Task item: Write out the records once more, exactly, and keep any image out.
━━━ Excerpted data
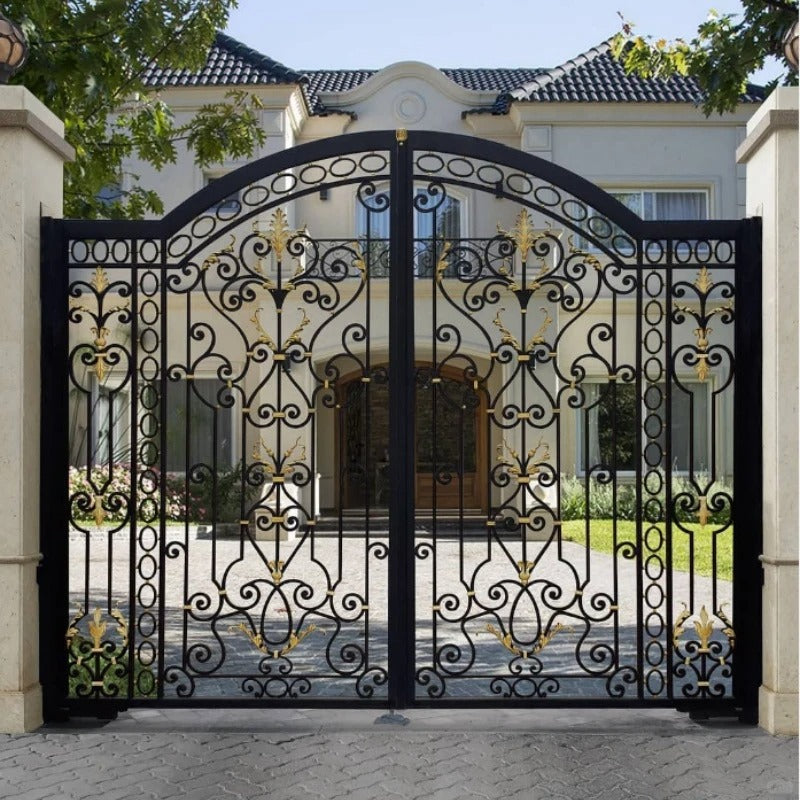 Black Rothnow wrought iron gate, customized size garden gate with decorative ironwork and sturdy design.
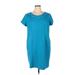 Talbots Casual Dress - Mini Crew Neck Short sleeves: Teal Print Dresses - Women's Size 14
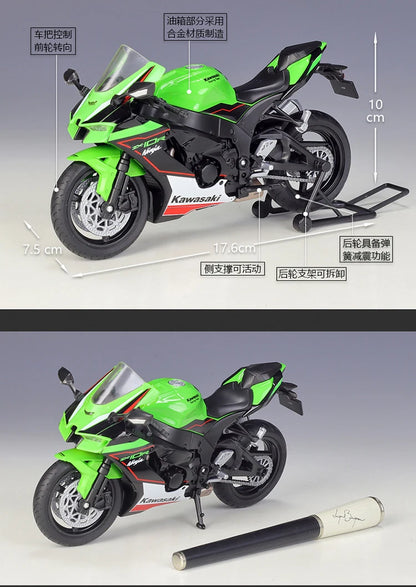 WELLY 1:12 Kawasaki Ninja ZX10R Heavy Locomoti Simulation Alloy Motorcycle Model Shock Absorbers Collection Toy Car Gift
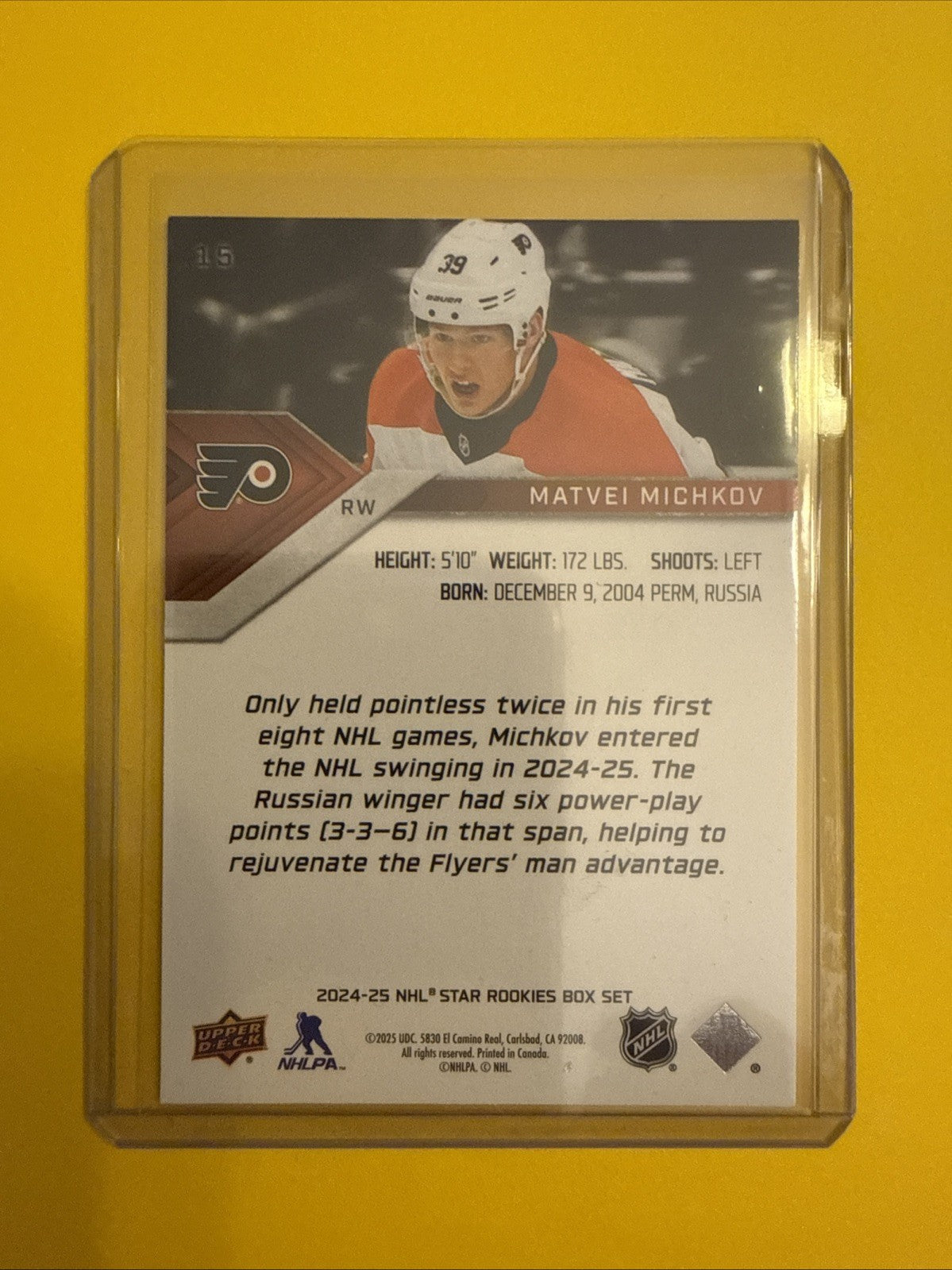 Matvei Michkov 2024/25 NHL Star Rookies Card - back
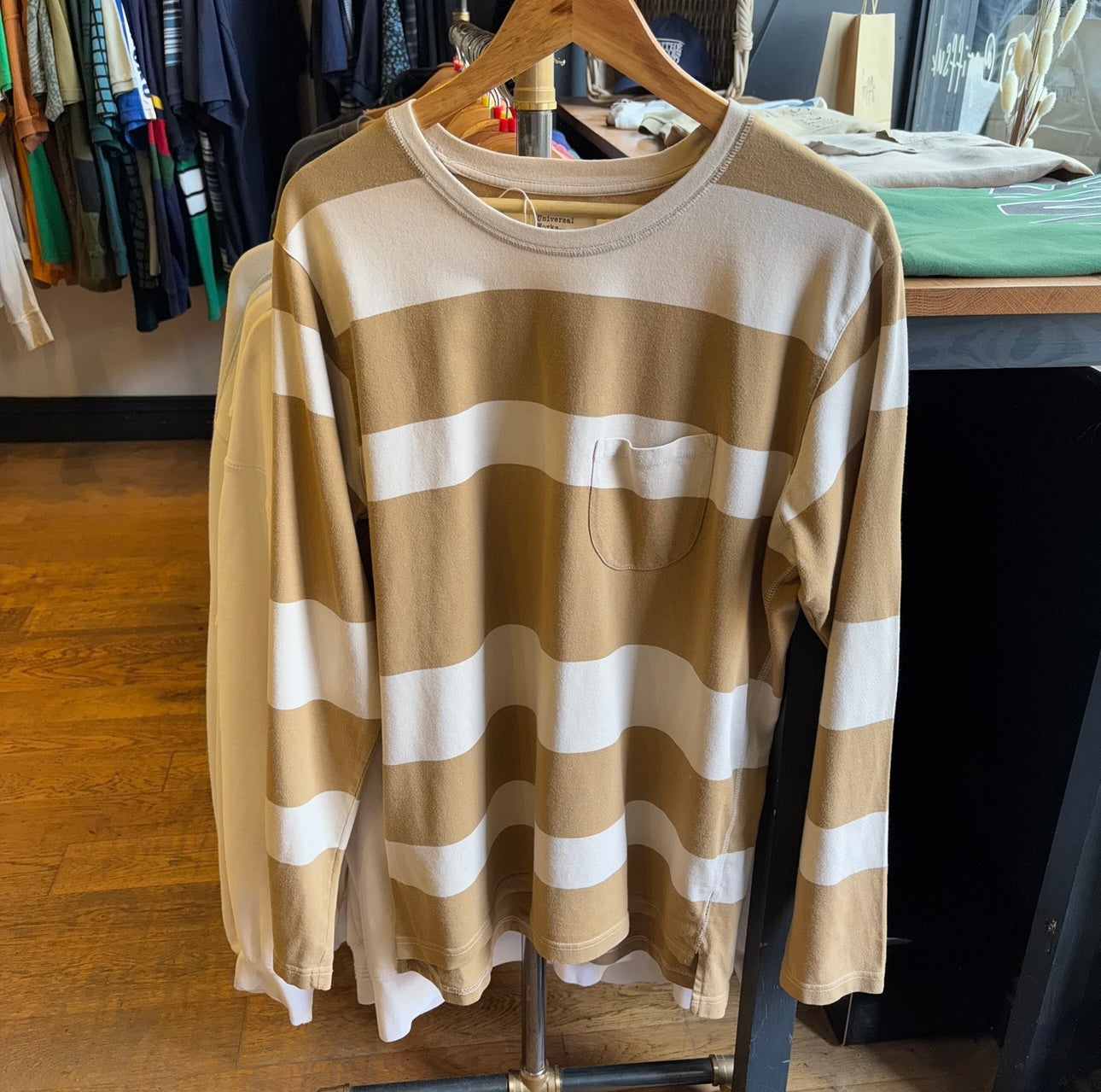 Universal Works Striped Pocket Longsleeve T-Shirt Dark Sand (Large)
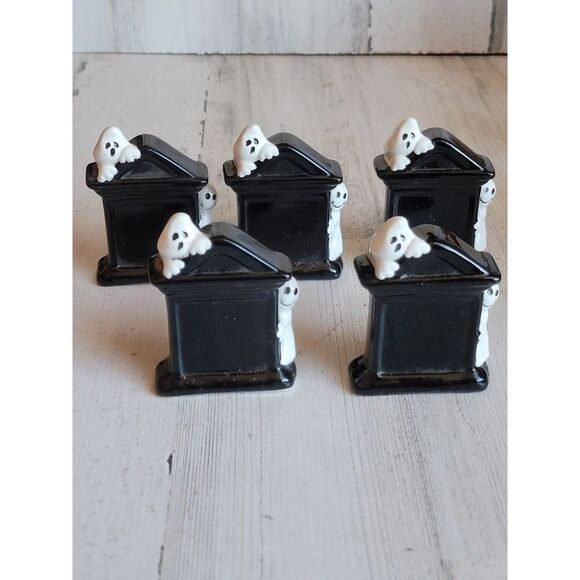 Halloween ceramic black Tombstone ghosts set accessory home decor - Picture 1 of 10
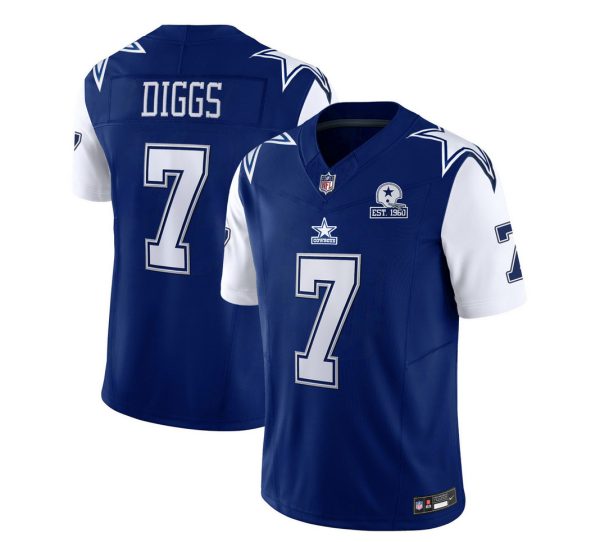 Men Dallas Cowboys #7 Trevon Diggs Navy 2023 F.U.S.E. With 1960 Patch Vapor Limited Football Stitched Jersey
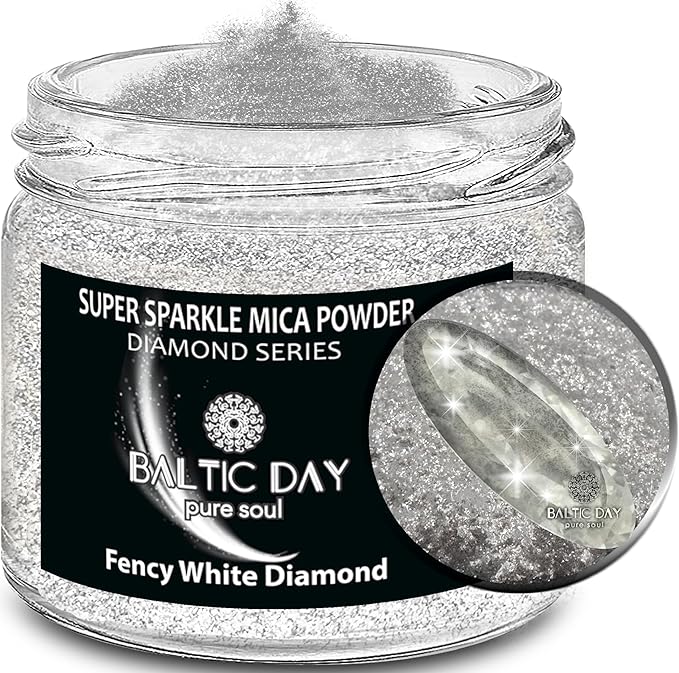 BALTIC DAY - Diamond Dust for Crafts [ Fancy White ] - Sparkle Glitter Mica Powder - Resin Glitter - White Mica Powder for Epoxy Resin - Shimmer Pigment - Diamond Crystal Dust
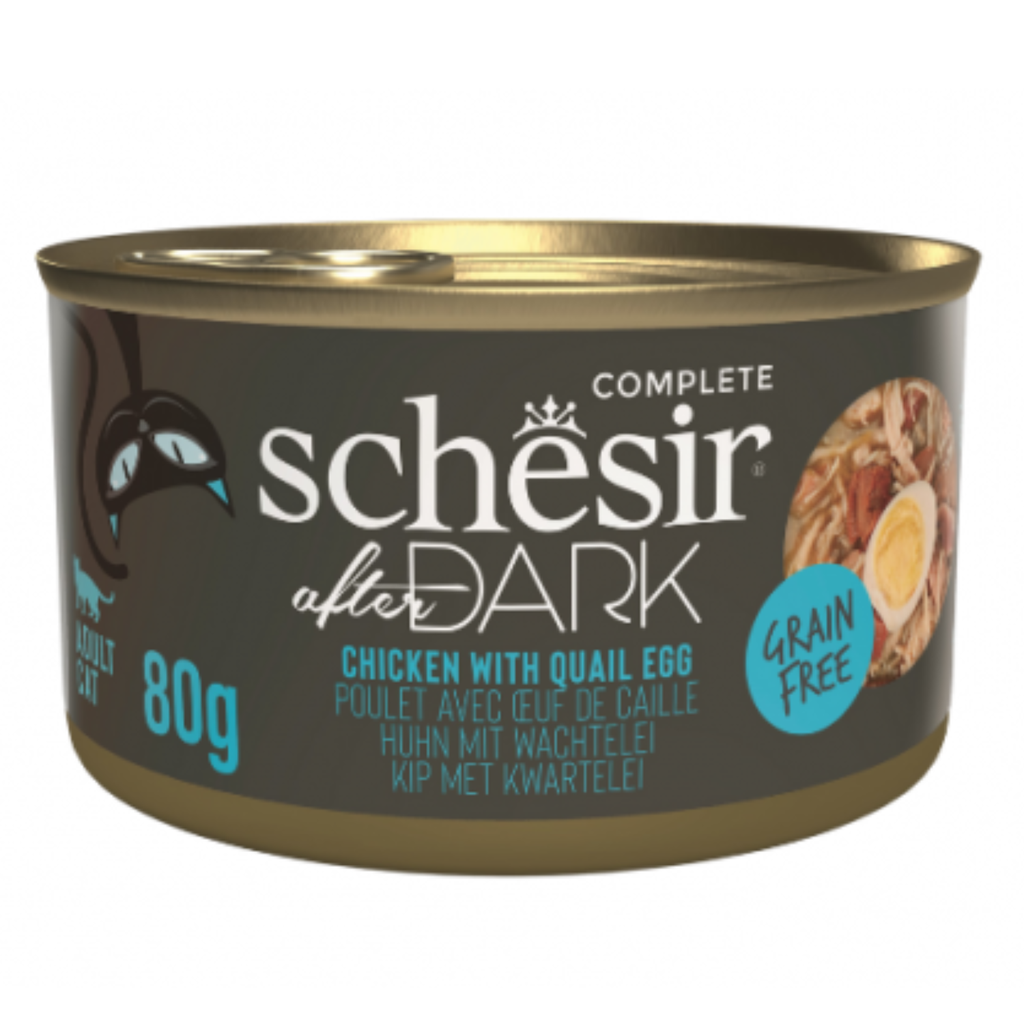 Schesir After Dark Wholefood In Broth For Cat - Chicken With Quail Egg 80g (Min Order- 12 Cans)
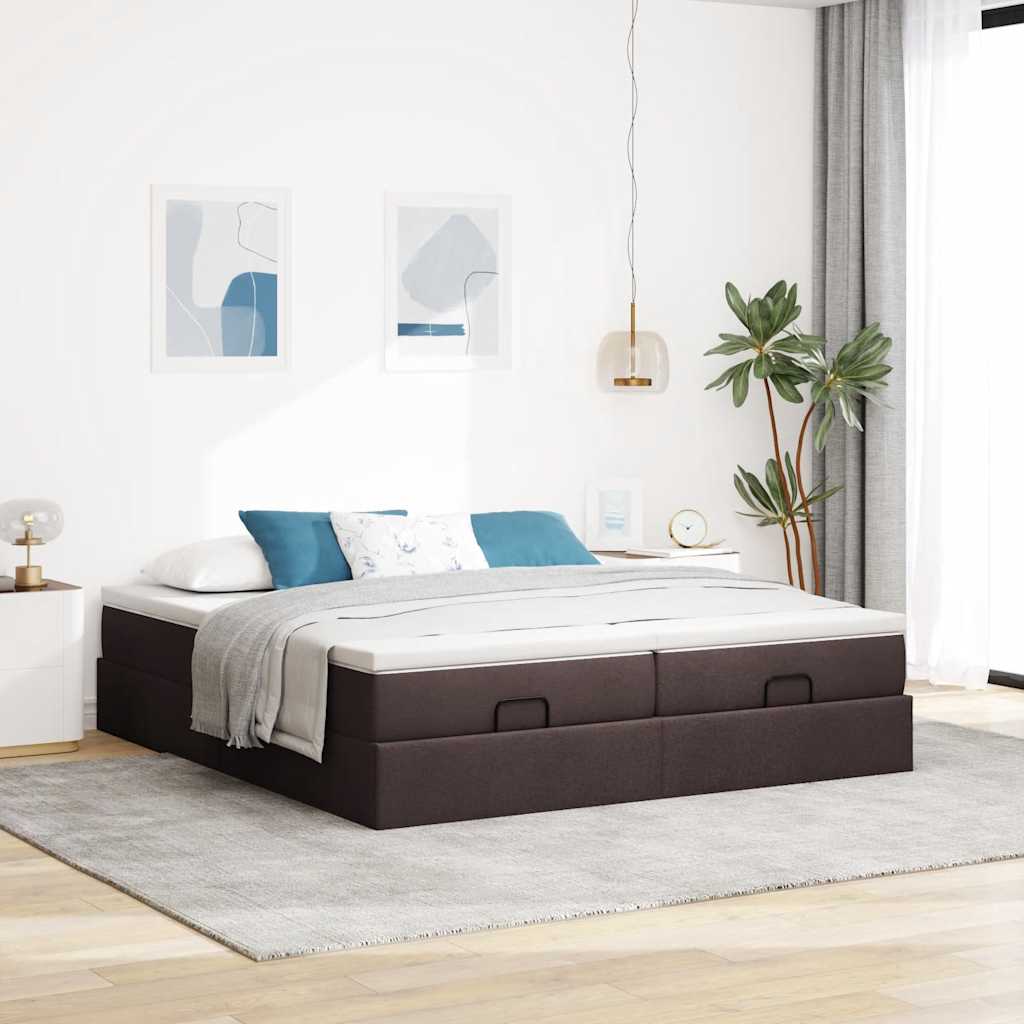 osmannisk sengeramme med madrasser 200x200 cm stof mørkebrun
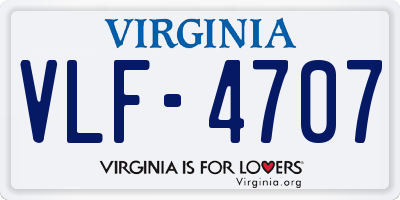VA license plate VLF4707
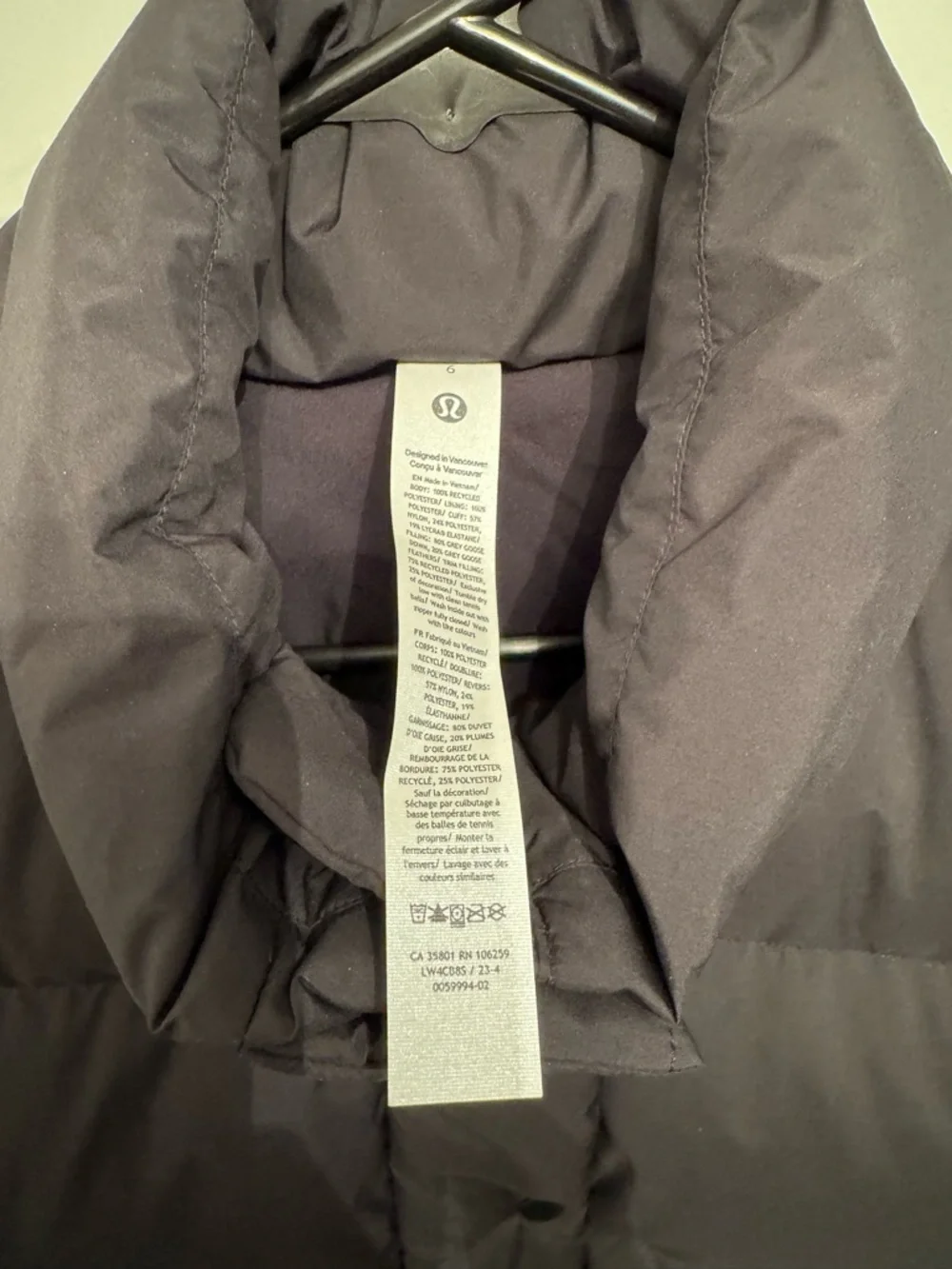 Lululemon Puff Super-Cropped Jacket  without hood size 6 - Picture 4 of 5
━━━━━━
Result of the exercise:
 Black Rothnow wrought iron gate, customized size garden gate with decorative ironwork and sturdy design.
 Talbots Casual Dress - Mini Crew Neck Short sleeves: Teal Print Dresses - Women's Size 14
 WELLY 1:12 Kawasaki Ninja ZX10R Heavy Locomoti Simulation Alloy Motorcycle Model Shock Absorbers Collection Toy Car Gift
 Matvei Michkov 2024/25 NHL Star Rookies Card - back
 Universal Works Striped Pocket Longsleeve T-Shirt Dark Sand (Large)
 Halloween ceramic black Tombstone ghosts set accessory home decor - Picture 1 of 10
 Men Dallas Cowboys #7 Trevon Diggs Navy 2023 F.U.S.E. With 1960 Patch Vapor Limited Football Stitched Jersey
 BALTIC DAY - Diamond Dust for Crafts [ Fancy White ] - Sparkle Glitter Mica Powder - Resin Glitter - White Mica Powder for Epoxy Resin - Shimmer Pigment - Diamond Crystal Dust
 Schesir After Dark Wholefood In Broth For Cat - Chicken With Quail Egg 80g (Min Order- 12 Cans)
 osmannisk sengeramme med madrasser 200x200 cm stof mørkebrun
VA license plate VLF4707
 Lululemon Puff Super-Cropped Jacket  without hood size 6 - Picture 4 of 5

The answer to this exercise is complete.